The former general’s political ambitions came to the fore in 2004 but he failed to become the presidential candidate of the Golkar party, Suharto’s former political vehicle.

He ran for vice president in 2009 with ex-president Megawati Sukarnoputri, who failed to win. He would lose the next two presidential elections to the popular Joko Widodo, who is stepping down after reaching the constitutional two-term limit.

Rights groups have expressed alarm that Subianto could roll back hard-won democratic freedoms, pointing to accusations he ordered the abduction of democracy activists at the end of Suharto’s rule.

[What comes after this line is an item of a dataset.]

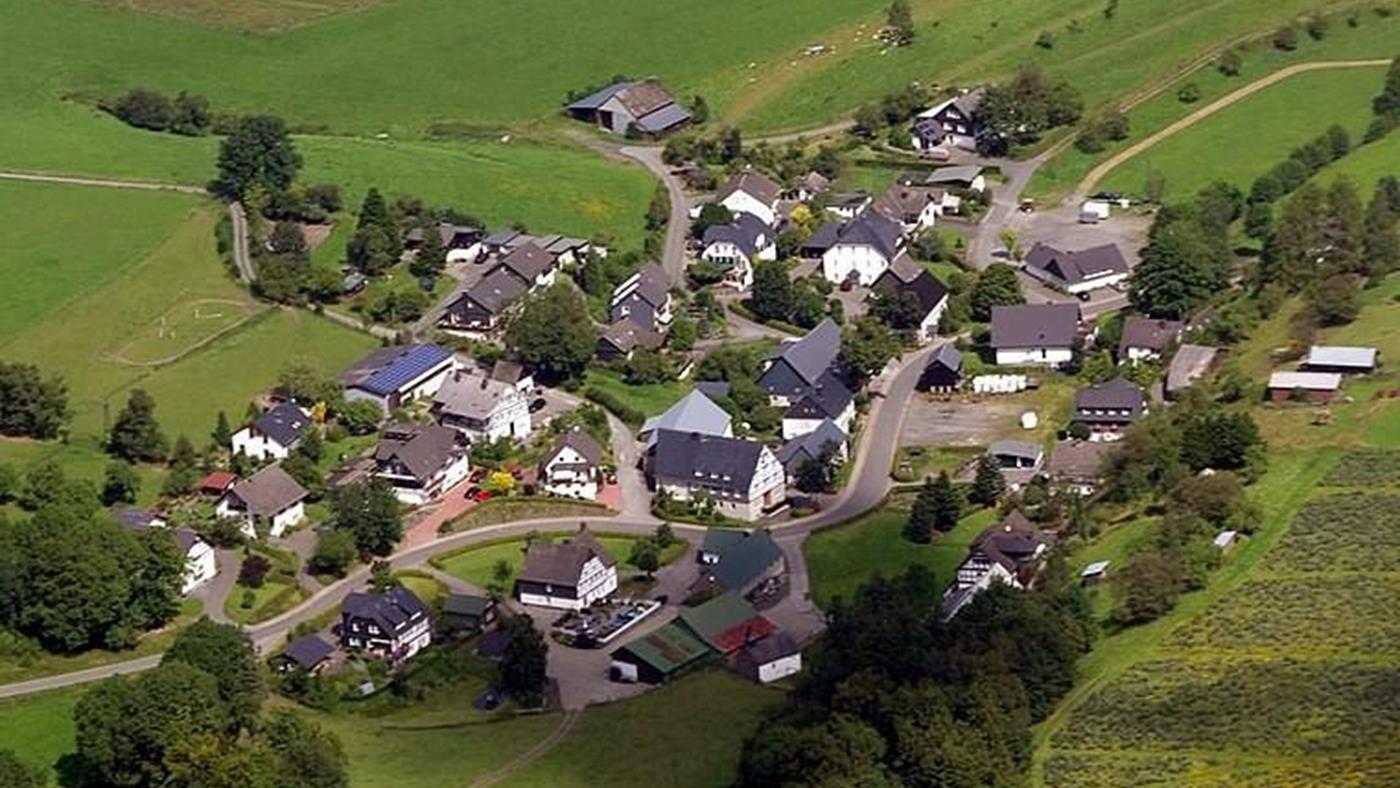 German town Bracht switches to solar heating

Subianto was dismissed from the military in 1998 over the abductions. The United States for years refused him a visa over his rights record, but he denied the accusations and was never charged.

He has since rehabilitated his image, partly thanks to a savvy social media campaign targeting Indonesia’s youth in which he is portrayed as a “cuddly grandpa”.

Rising approval ratings that made him the presidential favourite were also in no small part due to cannily picking Widodo’s eldest son Gibran Rakabuming Raka as his running mate.

Analysts said Subianto’s chances were helped by Widodo’s popularity and support, as well as younger Indonesians - more than half of nearly 205 million eligible voters - who did not come of age under Suharto.

“We will fight to bring prosperity for all people of Indonesia. We will continue what was already being built by previous presidents,” Subianto said in a final pitch to supporters at a weekend campaign rally.

Who is Subianto?

Subianto was born in 1951 to a wealthy family and a father who served as finance and trade minister, while his grandfather established the country’s first state-owned bank.

After living in Switzerland and England as a child, he returned to Indonesia in 1970 and joined the military.

He married one of Suharto’s daughters, Siti Hediati Hariyadi, in 1983. They have since divorced.

Between 1997 and 1998, when some of the kidnappings of activists took place, Subianto led the elite army force known as Kopassus, used by Jakarta for special operations aimed at tamping down internal unrest.

More than a dozen activists remain missing and feared dead, and witnesses accuse his military unit of committing atrocities in East Timor.

He was dismissed from the military in 1998 over the abductions but was never charged, and went into voluntary exile in Jordan.

On his return several years later, he launched a business career with interests in palm oil and energy before jumping into politics.

Indonesian ally the United States once refused a visa over his rights record and he was also reportedly included on a visa blacklist in Australia before the 2014 election.

But he has since been allowed to visit Canberra and Washington, and has in turn hosted his American and Australian counterparts.